Doch wo kemman jetzt de Dackel? Ach ja, die hat das Kulturreferat an den Schluss platziert. Weil sie ziemlich vorausschauend wussten, dass alle auf Waldi, das Olympia-Maskottchen und auf die Dackel warten. Den gewaltigen, beinahe elefantengroßen Pappmaché-Waldi hat der Karnevalsverein KG Schiwweld aus Neuwied in Rheinland-Pfalz durch die Stadt gezogen, weil er die Figur einst für einen Faschingsumzug baute. Das Dackelmuseum Passau hat das rollbare Kunstwerk erworben - und einen Olympia-Gestaltungswettbewerb daraus gemacht, den wiederum Noah Kolm, Klasse 7 der Dreiflüsse-Realschule Passau, mit einem Otl-Aicher-Farbkonzept plus Olympia-Ring-Design gewann. Noah lief hinter den rheinischen Narren und dem Groß-Waldi, gefolgt von 250 echten Dackeln mit so klingenden Namen wie "Don Papa vom Lila Elsternest".

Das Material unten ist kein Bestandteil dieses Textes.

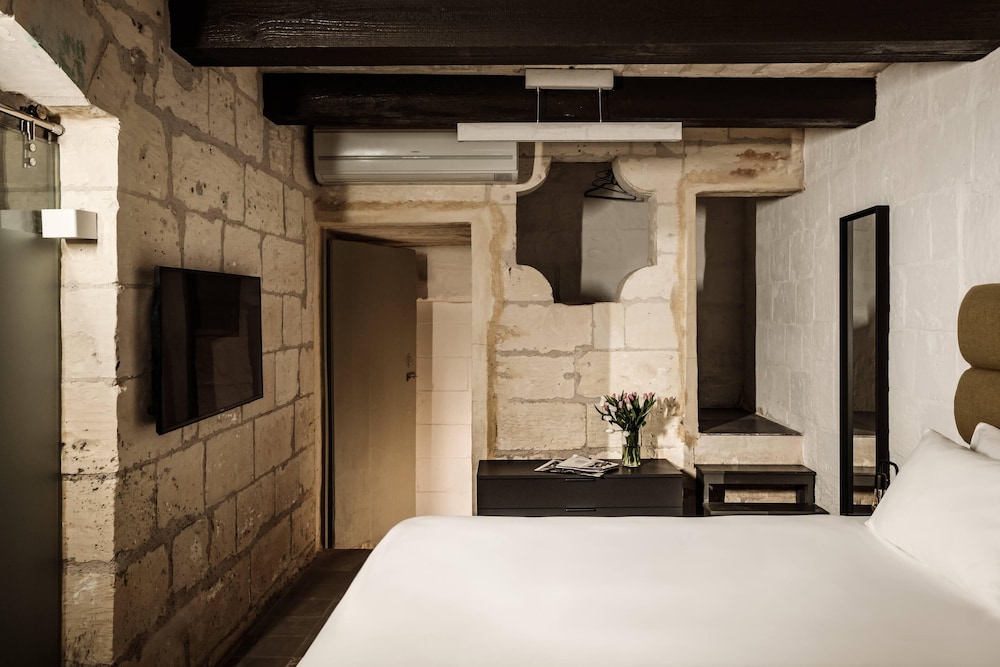 19 Rooms 31/71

Natürlich ist bei aller Heiterkeit die schwierige Historie von 1972 unvergessen. Bei der Eröffnungsfeier am Freitag in der Olympiahalle war der Opfer des Attentats würdig gedacht worden. Am Samstag gelingt es der Stadt München mit dieser Parade aber, an die "heiteren Spiele 1972" anzuknüpfen und heilsamen Frieden zu finden, ohne die Gewalt und die Opfer von damals zu vergessen.

Deshalb ist es für Hans Huber vom Trachtenverein Alt-Miesbach München ein ganz besonderer Tag, denn er war auch 1972 bei den Eröffnungsfeierlichkeiten mit seinem Verein beteiligt. Bei der geplanten Schlussfeier damals hätte er auf der Tartanbahn im Olympiastadion an einem Sterntanz teilnehmen sollen. Aber dazu kam es wegen des Attentats nicht, die Schlussfeier sei "eine stille Feier" geworden.

Wenn er das so ernst erzählt, merkt man, wie sehr ihn die Erinnerungen berühren, aufwühlen. Er, der damals 20 war, steht heute als stattlicher Mann in Tracht im Olympiapark - und spricht feine Worte, die wahrscheinlich den Kern dieser Parade am besten treffen und die Antwort darauf geben, warum es diese Parade heute, nach 50 Jahren, für München braucht. "Für mich schließt sich da heute ein emotionaler Kreis, der damals durch das Attentat abgebrochen worden war. Ja, dieser Kreis schließt sich heute, und ich bin sehr froh drum! Für mich gehen diese olympischen Spiele heute zu Ende." Er schaut in die Ferne, über die Hügel des Olympiaparks. Nicht weniger glücklich als eine Doppelgoldmedaillengewinnerin, die ein paar hundert Meter vor ihm in dieser Parade mitläuft.